La Compagnie Jérôme Thomas poursuit son travail de création avec, entre autres, Deux hommes jonglaient dans leur tête (2008) associée au compositeur et musicien Roland Auzet qui crée une musique électronique et Ici (2010) sur le possible dépassement de l'enfermement. Un Cirque Lili 2 est en préparation pour 2013.

[1] Sylvie Martin-Lahmani, « Le roi de la jongle », dans Jean-Michel Guy (dir), Avant-garde, cirque !, Paris, Editions Autrement, Collection Mutations, n° 209, novembre 2001, p.83.

[2] Jérôme Thomas est cité par Yvon Kervinio (« Jérôme Thomas », Le cirque dans l'Univers).

[3] Notamment des jongleurs qui ont travaillé au sein de la compagnie créée par Jérôme Thomas en 1991 : Nolwenn Cointre, Emmanuel Anglaret, Jean-Christophe Hapon, Philipe Ménard, Martin Schwietzke...

[4] Joëlle Bourgin, « Sauver la face ! », Paris, Arts de la piste, HorsLesMurs, n°15, janvier 2000, p. 33.

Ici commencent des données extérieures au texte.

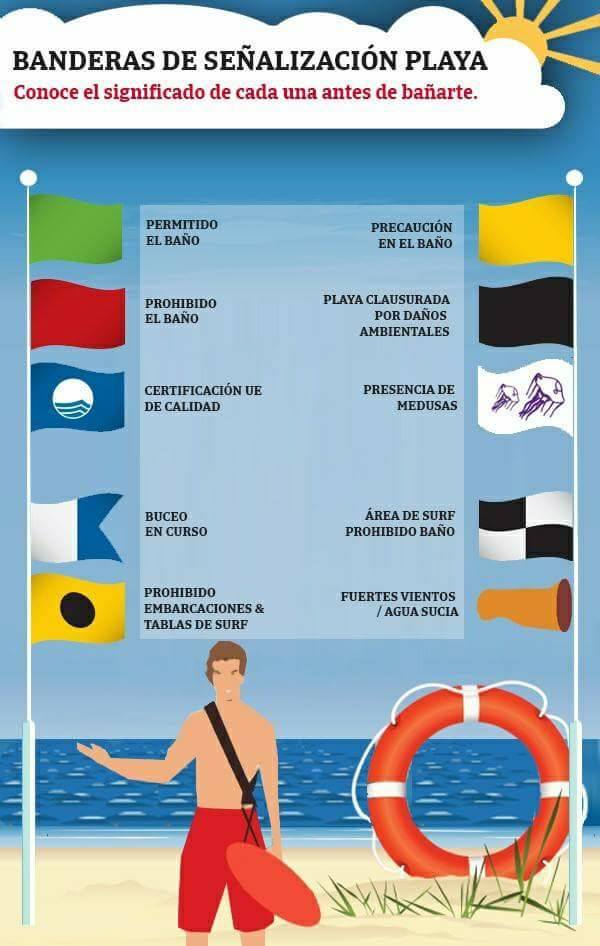 Si estás en la playa, respeta el significado de las banderas 🟩🟨🟥⬛️🟦 ⬜️y las indicaciones de los socorristas. #Verano2025  #Playas2025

[5] Jean-Michel Guy, Les Arts du cirque en l'an 2000, Paris, Chroniques de l'AFAA – Ministère des Affaires étrangères, n° 28, 2000, p. 119.

Martine Maleval

Transcription

Présentatrice
Jérôme Thomas, un jongleur qui revisite à sa manière le cirque d’hier. Seul en piste, il passe en revue les classiques du genre dans une évocation drôle et poétique. Il a posé son cirque à Aubervilliers dans la région parisienne pour son spectacle, le Cirque Lili, jusqu’au 9 novembre. Christophe Airaud, Abdel Zouioueche
Christophe Airaud
Nous avions rendez-vous avec Jérôme Thomas au boulodrome du théâtre d’Aubervilliers. Paraît-il que nous ne pouvions ne pas le rater. Et c’est vrai, au milieu des boulistes apparaît un joueur de pétanque hors du commun.
(Musique)
Jérôme Thomas
Jongler avec des boules, c’est quand même chaud. Il faut quand même faire attention, on peut se la prendre sur la gueule quoi.
(Musique)
Christophe Airaud
Cent fois plus légère, voici la plume. Elle virevolte, flotte dans les airs, jonglage de courant d’air et de brise légère.
Jérôme Thomas
Avec un objet très léger comme la plume, c’est de la chirurgie fine ; c’est comme si tu me mettais un scalpel, je jouerai au cœur ouvert. C’était absolument, extrêmement fin comme technique.
Christophe Airaud
Sa technique, cela fait 20 ans que Jérôme Thomas la peaufine depuis son apprentissage chez Annie Fratellini, ses passages chez Jacques Higelin ou Bernard Kudlak. Jérôme Thomas mélange virtuosité et poésie, son art le jonglage, cet art du cirque, lieu de tous les dangers.
Jérôme Thomas
Pourquoi je fais tomber ma massue ? Et bien, il y a un oiseau qui est passé dans mon cadre ou un bruit ou un spectateur qui fait ça ou juste un pied qui se décale peut me faire tomber une massue quand je suis sur scène. C’est fantastique.
Christophe Airaud
Quand le cirque Lili s’arrête sur la place du village, voici un cirque émouvant, fellinien, parfois pathétique. Le cirque Lili, c’est l’histoire du cirque racontée par Jérôme Thomas.
Jérôme Thomas
Il n’y a qu’un seul personnage central que j’interprète, et puis, ce personnage-là, et bien, il fait le cirque à lui tout seul. On joue avec toutes les symboliques du cirque d’autrefois mais en même temps, c’est peut-être ça qui fait que c’est du cirque d’aujourd'hui. C’est qu’on s’amuse avec le cirque d’autrefois.
(Musique)
Christophe Airaud
Durant une heure, la nuit, au cirque Lili, le jongleur aura été le magicien, l’équilibriste, le clown, le jongleur aura été le cirque.